Лешка тут же принялся озираться по сторонам, рассматривать дурацкий сувенирный хлам в стоящих у самой лестницы киосках, углядел расписную тарелку якобы с видами Полтавского сражения, радостно разинул рот и завопил:
— Ого, тарелка!
— Леша, — сказал он, — да что ж тут «ого»? Всё у тебя — «ого». Паровоз был — «ого», лестница — «ого», теперь тарелка — «ого». Чего — «ого»?
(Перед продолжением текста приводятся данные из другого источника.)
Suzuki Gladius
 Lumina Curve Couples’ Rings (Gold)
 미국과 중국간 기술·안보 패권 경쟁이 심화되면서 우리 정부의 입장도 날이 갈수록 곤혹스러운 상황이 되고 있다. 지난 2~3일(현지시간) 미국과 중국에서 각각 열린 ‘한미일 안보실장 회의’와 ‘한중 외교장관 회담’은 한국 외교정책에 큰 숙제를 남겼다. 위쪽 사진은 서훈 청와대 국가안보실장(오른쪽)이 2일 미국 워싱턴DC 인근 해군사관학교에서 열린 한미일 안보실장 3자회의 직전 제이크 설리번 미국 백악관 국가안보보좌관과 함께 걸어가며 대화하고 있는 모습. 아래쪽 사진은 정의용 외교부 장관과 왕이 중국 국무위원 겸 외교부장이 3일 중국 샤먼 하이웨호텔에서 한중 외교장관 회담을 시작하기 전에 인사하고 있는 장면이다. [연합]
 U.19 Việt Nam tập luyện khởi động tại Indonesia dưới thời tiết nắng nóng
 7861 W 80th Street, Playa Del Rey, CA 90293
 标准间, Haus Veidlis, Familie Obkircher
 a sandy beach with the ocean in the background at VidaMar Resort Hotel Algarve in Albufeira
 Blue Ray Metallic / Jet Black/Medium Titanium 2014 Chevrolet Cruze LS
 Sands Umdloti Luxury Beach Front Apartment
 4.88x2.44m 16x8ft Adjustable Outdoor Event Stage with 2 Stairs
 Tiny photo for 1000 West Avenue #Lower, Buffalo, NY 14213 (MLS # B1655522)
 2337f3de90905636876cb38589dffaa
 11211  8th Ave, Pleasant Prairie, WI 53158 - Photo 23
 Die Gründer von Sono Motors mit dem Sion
Мальчик глянул на него искоса, как будто почувствовал, что сморозил глупость, и сказал уже потише:
— Просто — «ого». Вижу — ого.
Тогда он, все еще держась за бок, внимательно посмотрел на этого чужого рыжего мальчика, который теперь жил с ним в одном доме, утыкался после школы носом в живот его жены, имел какие-то свои секреты, какую-то, безусловно, память о своей недавней жизни с совершенно другим человеком, и какие-то, небось, ожидания — ого-го какие ожидания, может быть, от этой новой жизни, в которую они с Мариной его втянули, — и сказал:
— Знаешь, Леша, какой-то я вообще совсем дурак. От неожиданности рыжий мальчик даже прикрыл
рот, а потом спросил, смешно разведя руками:
— Это почему?
— Не знаю, — сказал он. — Просто дурак — и все.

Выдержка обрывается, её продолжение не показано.